Data shown:
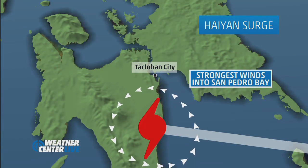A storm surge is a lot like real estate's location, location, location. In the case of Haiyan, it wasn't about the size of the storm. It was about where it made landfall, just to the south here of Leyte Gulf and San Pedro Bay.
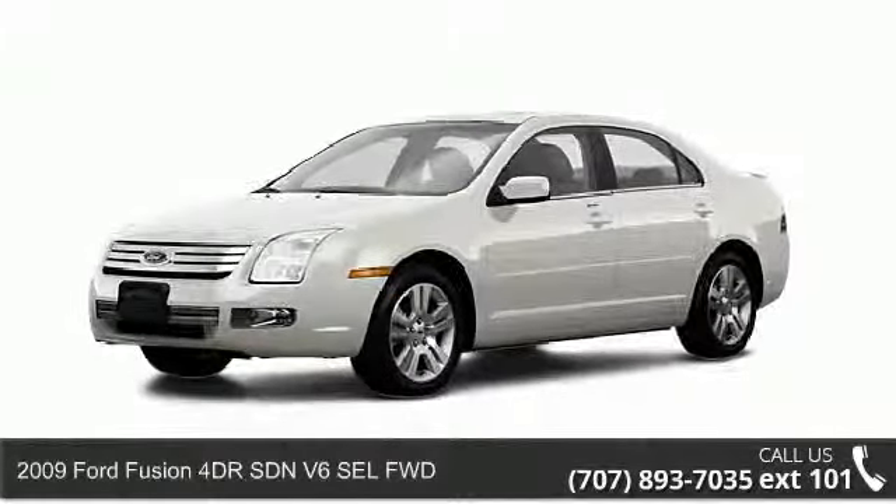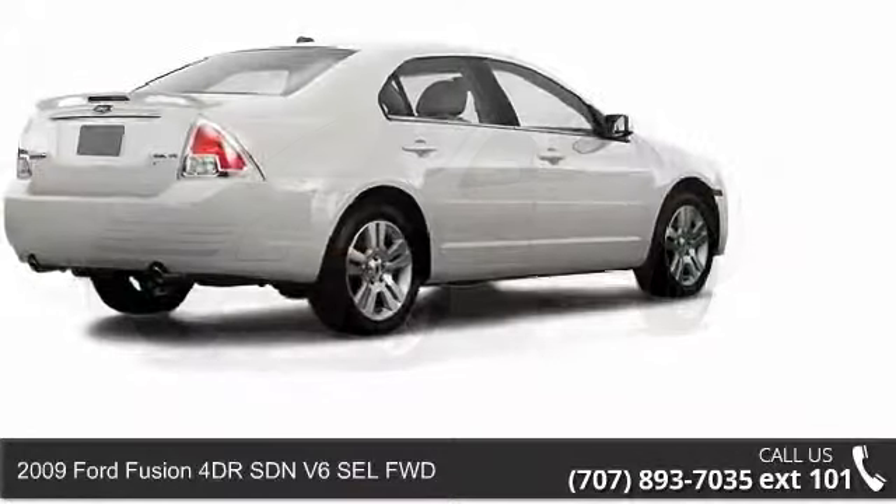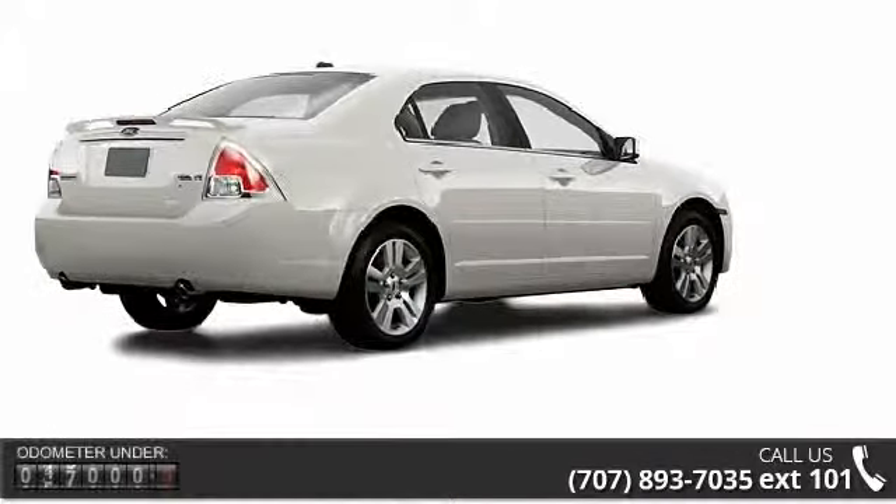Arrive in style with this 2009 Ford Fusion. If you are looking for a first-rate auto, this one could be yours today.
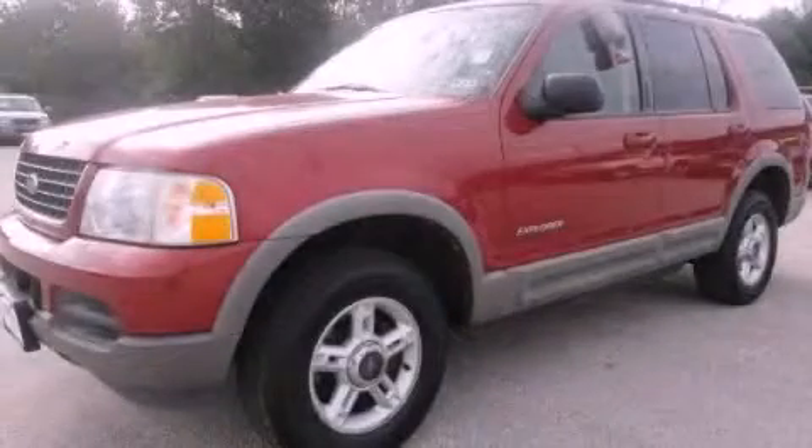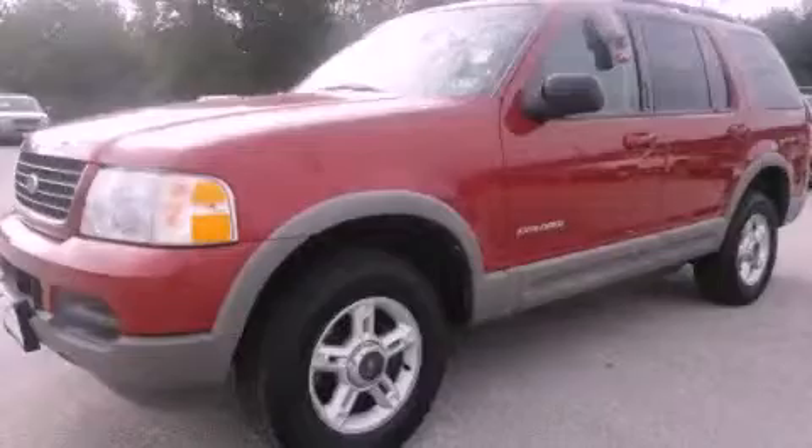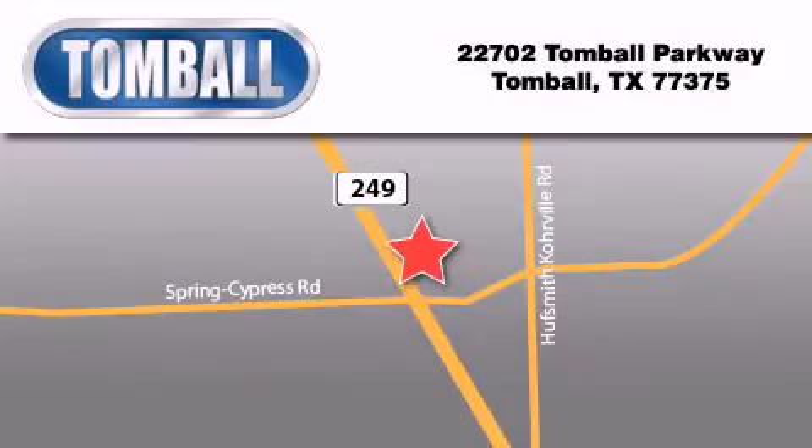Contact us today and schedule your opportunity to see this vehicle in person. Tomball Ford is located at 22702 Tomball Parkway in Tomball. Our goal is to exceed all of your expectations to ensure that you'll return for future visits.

What this task involves:
All of the data must be given again exactly, without the pictures.

Task output:
A storm surge is a lot like real estate's location, location, location. In the case of Haiyan, it wasn't about the size of the storm. It was about where it made landfall, just to the south here of Leyte Gulf and San Pedro Bay.
Arrive in style with this 2009 Ford Fusion. If you are looking for a first-rate auto, this one could be yours today.
Contact us today and schedule your opportunity to see this vehicle in person. Tomball Ford is located at 22702 Tomball Parkway in Tomball. Our goal is to exceed all of your expectations to ensure that you'll return for future visits.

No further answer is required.